The Sources area also includes the Input
Profile settings button. This defines
the aspect ratio and interlacing format of
the input files, with presets for DV and
DVD, NTSC and PAL, 4x3 and 6x9. Or use the
Input Profile Editor to define a custom
frame format and pixel aspect ratio. Only
one Input Profile can be defined per job, so
all input files must share the same basic
frame format.
You can
right-click to view and edit the Source
Properties, including Audio, Video, and
Size. Or use the separate Monitor
window to preview, trim, and crop each
individual source file. Instead of scaling
the video to fit the window size, the
Monitor window offers three Size options:
Full, Half, Quarter screen. As found in
video editors, the Monitor window includes
play controls to play back source files, and
trim controls to set In and Out points
within the clip. You also can set a crop
region by dragging a rectangle over the
frame, or right-click to display the Source
Crop Editor to set numeric crop values and
the crop aspect ratio.
The Sources
area provides two more tools for dealing
with special input formats. Use the Multifile
Source editor to associate separate
video and audio files (i.e., after MPEG
compression), and multi-channel audio (with
each channel defined in an individual file).

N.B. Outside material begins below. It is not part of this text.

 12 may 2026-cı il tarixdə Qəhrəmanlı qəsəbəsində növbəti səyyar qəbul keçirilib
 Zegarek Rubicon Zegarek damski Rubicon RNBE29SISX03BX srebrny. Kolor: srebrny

Use the Metadata Editor to define
auxiliary information about each source
file, such as Title, Description, Copyright,
and Author, including format-specific
metadata for the various streaming output
formats.
The Processing
area then defines all the processing options
to be applied to each source file. The first
two settings, Deinterlace and Crop, are
applied as preprocessing to all sources in
the job and all output profiles.
The Deinterlace
Method setting can clean up interlaced
television video when converting to a
progressive format (especially for streaming
video for computer display). The visible
differences between adjacent lines from
different frames can be removed in different
ways: Blend the lines (good for fast motion
blur), Eliminate one set of alternating
lines (to preserve sharpness), Automatic
frame conversion when changing frame rate,
or Adaptive deinterlace depending on the
motion in the scene (slower).
The Job
Crop settings apply to all sources, but
can be overridden by a specific Source Crop
setting in the Monitor window. You also can
set the Remove Letterbox option to
automatically remove the black unused areas
in the top and bottom of a letterboxed
video, including specifying the Tightness of
the crop around the edge.
Next, you
specify the list of formats, or Output
Profiles that each source file is to be
converted into, and the list of one or more
Destinations to which each Output Profile is
to be delivered.
Cleaner XL
includes over 180 pre-defined output
profiles. Each Output Profile defines one
Encoder Setting (compression format), an
associated video and audio Filter Setting
(cleanup and enhancements), and a set of one
or more Destinations.
The
supplied Output Profiles include streaming
formats (MPEG-4, QuickTime, Real, Windows
Media) for Film, NTSC, and PAL; 4x3 and 16x9
aspect ratios; download and streaming; at
dial-up to wideband rates. It also includes
MPEG-1 and -2 for CD, Web, Kiosk, VCD, and
DVD delivery; Handheld (Kioma); and
Audio-only (MP3 and streaming). You can
create your own Output Profiles by
duplicating and editing an existing format
and then saving it with a new name.
To edit an
Output Profile, you use the Encoder Setting
and Filter Setting buttons to display the
associated editors. These settings also can
be saved and reloaded, independently of the
Output Profiles that may use them.
Use the Encoder
Setting Editor to define the base
encoding format (i.e., AVI, MPEG, streaming,
audio), the video and audio codecs and
formats, and format-specific encoding
parameters. You also can rename the output
files to help identify them using File
Extensions with a format-specific Prefix and
Suffix.
Use the Filter
Setting Editor to set a chain of one or
more filters to apply to the input video and
audio before it is compressed. The available
filters are listed as a chain of consecutive
processing steps. The Video filters include
Color adjustments, Noise Reduce, Blur and
Sharpen, Fades, and Watermarks. The Audio
filters include Noise Reduction, Volume,
Normalize, Parametric EQ (6 channel), and
Fades.
To apply
filters, just check the desired filters to
apply them, and then edit the associated
parameter values. Again, cleaner XL provides
an array of pre-defined presets for each
filter, and you can load, edit, and save
your own individual presets as well.
Finally,
click each Output Profile to view and edit
the list of Destinations. The default
destination is Cleaner Output, which is set
under the View / Options menu. Not
surprisingly, Cleaner also offers a
Destination Editor to define and save other
destinations. The destination can be a local
or networked directory Path, and a
sub-directory can be automatically created
for them based on the job name. The
destination also can be a FTP site, for
example to publish files to a Web server.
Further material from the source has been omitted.